OneTrust - Security Coordinator Review for SecureBox

HIPAA Security Coordinators will receive notification of a SecureBox request or modification and can follow the workflow below to review and validate the request is appropriate.

  1. SecureBox request is submitted using the Secure Storage Review intake form in OneTrust. OneTrust - How to access OneTrust
  2. The request (OneTrust - Common requests made via OneTrust) is automatically routed to the Risk Management & Compliance Team queue.
  3. Depending on the source Division of the Request, the corresponding HIPAA Security Coordinator is automatically added as an Approver.
    1. Nursing -> Shawn Gelo
    2. Pharmacy -> Mike Pitterle and John DeMuth
    3. Others?
  4. HIPAA Security Coordinator will receive an email from OneTrust notifying them the request was submitted.
    1. Email notification
  5. HIPAA Security Coordinator should open the Request and review responses. 

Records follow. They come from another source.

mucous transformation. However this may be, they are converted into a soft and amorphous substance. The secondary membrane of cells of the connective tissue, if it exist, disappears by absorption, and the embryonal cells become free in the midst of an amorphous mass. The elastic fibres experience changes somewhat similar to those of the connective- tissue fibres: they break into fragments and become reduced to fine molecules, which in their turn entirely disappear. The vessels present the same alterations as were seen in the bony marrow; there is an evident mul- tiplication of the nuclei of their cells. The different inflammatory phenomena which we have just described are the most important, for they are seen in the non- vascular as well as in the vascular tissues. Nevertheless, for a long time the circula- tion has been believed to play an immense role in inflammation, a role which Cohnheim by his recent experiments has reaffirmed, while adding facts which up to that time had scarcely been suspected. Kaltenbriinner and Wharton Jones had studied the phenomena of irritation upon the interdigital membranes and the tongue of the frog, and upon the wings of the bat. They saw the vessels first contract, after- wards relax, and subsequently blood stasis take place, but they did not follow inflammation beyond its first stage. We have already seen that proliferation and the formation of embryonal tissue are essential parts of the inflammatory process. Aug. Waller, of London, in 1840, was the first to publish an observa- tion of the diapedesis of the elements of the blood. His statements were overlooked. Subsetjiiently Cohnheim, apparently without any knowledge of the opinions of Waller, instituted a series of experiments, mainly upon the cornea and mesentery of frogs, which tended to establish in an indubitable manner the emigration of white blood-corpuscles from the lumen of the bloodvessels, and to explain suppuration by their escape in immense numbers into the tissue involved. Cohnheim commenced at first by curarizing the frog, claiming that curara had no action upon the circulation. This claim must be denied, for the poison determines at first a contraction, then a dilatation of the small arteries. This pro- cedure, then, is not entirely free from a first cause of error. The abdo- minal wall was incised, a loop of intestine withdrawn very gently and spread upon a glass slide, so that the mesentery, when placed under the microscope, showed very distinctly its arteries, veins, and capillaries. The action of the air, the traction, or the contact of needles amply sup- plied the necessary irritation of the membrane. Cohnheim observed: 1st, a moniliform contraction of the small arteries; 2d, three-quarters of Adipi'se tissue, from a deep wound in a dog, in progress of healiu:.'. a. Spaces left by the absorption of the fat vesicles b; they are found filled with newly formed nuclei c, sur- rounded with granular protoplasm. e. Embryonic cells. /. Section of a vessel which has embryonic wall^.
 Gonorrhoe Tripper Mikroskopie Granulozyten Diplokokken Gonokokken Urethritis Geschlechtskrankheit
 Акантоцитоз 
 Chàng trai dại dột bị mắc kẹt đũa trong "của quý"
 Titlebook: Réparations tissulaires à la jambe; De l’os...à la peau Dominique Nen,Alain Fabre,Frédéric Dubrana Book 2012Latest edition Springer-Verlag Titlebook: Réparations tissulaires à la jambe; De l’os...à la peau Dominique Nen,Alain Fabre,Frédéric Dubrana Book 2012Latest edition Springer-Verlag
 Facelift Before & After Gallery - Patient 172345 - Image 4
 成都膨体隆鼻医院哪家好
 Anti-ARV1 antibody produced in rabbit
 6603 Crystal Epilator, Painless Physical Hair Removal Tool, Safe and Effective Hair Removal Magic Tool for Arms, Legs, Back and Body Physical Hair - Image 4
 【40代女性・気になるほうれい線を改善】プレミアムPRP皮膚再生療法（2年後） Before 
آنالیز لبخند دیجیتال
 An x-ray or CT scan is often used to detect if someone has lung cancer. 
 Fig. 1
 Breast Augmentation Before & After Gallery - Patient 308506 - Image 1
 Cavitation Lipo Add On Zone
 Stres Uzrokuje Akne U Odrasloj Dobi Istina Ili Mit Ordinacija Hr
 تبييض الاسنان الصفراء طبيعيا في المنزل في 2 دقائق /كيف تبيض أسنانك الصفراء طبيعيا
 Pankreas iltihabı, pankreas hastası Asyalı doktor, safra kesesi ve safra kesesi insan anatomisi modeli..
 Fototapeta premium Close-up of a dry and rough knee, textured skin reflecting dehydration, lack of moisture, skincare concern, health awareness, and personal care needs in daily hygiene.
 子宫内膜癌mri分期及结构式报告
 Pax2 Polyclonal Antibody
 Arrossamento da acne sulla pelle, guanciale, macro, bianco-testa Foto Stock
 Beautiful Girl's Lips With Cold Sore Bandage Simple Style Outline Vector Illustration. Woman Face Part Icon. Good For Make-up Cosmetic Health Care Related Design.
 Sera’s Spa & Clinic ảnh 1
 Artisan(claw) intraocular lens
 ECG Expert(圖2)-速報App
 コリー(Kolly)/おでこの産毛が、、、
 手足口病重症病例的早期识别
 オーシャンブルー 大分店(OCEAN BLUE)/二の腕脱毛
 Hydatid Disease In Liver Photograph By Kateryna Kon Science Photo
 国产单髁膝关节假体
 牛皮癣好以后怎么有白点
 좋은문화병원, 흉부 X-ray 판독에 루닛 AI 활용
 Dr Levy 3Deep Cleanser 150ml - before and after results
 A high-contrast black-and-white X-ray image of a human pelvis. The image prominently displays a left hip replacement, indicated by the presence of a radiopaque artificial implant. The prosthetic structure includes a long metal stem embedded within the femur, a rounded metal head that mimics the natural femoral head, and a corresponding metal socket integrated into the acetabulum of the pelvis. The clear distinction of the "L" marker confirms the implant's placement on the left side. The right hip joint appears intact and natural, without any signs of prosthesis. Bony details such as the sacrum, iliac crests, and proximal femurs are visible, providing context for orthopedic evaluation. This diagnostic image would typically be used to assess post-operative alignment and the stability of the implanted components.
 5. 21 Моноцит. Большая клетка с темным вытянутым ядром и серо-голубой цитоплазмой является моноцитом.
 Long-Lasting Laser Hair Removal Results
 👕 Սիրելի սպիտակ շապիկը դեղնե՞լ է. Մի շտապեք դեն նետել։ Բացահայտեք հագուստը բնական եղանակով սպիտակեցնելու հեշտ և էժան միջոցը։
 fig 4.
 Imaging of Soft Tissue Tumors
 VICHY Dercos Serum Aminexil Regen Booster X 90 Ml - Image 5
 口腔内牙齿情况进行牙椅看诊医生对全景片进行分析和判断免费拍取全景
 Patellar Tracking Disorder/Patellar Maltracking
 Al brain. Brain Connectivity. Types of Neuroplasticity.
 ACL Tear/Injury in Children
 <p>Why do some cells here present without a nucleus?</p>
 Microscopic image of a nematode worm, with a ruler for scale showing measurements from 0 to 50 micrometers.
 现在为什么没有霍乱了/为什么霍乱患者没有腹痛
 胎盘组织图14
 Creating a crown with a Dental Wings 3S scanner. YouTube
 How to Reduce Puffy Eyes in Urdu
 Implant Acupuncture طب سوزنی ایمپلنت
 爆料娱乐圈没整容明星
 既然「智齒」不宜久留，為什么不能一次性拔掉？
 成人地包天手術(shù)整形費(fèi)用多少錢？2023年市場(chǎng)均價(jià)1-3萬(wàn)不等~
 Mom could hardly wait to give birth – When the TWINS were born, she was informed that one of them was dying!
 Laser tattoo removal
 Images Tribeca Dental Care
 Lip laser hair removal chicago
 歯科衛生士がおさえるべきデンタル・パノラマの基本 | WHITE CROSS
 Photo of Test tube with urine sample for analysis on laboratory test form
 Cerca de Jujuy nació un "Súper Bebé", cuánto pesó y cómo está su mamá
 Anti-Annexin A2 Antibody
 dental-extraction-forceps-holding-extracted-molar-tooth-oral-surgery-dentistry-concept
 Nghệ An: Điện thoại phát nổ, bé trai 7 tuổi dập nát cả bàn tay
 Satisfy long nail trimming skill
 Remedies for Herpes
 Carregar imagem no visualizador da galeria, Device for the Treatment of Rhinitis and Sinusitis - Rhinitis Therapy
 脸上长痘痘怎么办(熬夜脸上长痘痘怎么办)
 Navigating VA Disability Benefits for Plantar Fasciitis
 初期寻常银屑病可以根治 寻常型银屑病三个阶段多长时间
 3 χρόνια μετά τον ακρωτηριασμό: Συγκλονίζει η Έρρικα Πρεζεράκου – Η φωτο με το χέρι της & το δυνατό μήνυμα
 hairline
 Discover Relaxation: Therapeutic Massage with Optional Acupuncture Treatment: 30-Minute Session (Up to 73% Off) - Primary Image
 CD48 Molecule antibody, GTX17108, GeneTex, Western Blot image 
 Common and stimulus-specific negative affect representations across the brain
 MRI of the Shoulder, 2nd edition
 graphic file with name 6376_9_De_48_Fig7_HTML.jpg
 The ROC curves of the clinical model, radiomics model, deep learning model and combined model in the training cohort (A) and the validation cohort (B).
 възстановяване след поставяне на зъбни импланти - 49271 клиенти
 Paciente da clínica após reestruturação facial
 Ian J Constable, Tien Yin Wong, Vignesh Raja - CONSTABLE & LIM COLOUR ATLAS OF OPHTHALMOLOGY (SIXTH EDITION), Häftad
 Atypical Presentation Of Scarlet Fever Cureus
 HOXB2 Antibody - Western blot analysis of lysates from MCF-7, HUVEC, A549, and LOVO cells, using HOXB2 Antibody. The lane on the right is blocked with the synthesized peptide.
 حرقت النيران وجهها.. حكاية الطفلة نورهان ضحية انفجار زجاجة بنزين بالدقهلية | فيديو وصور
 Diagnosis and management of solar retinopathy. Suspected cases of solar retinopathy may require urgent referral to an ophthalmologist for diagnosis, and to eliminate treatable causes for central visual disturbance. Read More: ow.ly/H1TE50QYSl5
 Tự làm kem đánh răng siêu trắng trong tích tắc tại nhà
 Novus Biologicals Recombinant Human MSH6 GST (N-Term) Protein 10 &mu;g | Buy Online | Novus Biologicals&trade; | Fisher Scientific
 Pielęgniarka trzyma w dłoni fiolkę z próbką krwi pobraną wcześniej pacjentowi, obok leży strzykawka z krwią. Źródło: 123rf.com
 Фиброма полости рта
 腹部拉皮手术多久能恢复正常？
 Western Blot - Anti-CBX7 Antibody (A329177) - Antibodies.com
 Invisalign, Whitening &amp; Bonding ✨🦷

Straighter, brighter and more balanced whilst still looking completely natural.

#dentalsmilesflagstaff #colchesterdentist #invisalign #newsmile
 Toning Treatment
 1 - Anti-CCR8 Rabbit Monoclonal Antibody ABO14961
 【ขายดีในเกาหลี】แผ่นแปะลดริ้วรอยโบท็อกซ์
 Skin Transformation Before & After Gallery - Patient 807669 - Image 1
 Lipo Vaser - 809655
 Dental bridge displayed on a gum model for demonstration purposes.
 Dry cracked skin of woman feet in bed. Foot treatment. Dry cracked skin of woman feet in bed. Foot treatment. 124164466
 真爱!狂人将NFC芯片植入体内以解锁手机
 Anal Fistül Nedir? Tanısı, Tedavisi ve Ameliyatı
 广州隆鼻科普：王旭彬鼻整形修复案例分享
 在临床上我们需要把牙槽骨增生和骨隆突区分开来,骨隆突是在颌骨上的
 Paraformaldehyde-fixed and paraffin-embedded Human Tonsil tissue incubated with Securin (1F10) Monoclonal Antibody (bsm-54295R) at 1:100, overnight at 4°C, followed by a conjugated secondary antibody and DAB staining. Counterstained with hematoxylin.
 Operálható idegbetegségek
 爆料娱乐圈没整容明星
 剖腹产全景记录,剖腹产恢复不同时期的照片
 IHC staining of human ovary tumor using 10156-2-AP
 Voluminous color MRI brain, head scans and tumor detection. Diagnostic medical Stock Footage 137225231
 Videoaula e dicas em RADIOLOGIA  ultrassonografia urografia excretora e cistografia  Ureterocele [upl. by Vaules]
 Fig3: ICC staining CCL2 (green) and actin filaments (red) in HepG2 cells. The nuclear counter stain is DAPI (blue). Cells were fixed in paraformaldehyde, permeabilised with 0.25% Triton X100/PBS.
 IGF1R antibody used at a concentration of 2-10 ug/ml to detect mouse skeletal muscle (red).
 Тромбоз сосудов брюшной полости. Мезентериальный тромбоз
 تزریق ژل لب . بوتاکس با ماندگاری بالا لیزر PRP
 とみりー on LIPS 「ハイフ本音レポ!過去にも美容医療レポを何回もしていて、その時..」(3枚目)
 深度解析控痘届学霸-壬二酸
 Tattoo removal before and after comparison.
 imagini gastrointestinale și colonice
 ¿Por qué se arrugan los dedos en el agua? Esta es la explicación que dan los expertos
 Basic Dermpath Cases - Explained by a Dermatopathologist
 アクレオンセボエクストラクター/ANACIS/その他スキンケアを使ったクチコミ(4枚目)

  6. If Responses are incomplete or inaccurate. The HIPAA Security Coordinator can “Send Back” to the requestor, including comments about what is missing. (Ref: OneTrust - Assessment Stages)
    1. Send Back button
    2. Send Back to in Progress confirmation
  7. If responses are complete and appropriate, complete the HIPAA Security Coordinator Review process:
    1. Click “Finish Review”
    2. Finish review
    3. Result: Select “Approved” for HIPAA Security Coordinator approval of the request. (Accepted can also be used in place of Approved)
    4. Select “Rejected” if not Approved. 
    5. Complete Assessment
    6. You can confirm your response by clicking “View Approvers”:
    7. Under Review
  8. There will still be a Review step completed by the RMC Risk Analyst.
  9. Once both reviews are completed, the request will be marked as “Complete” and the access will be provisioned.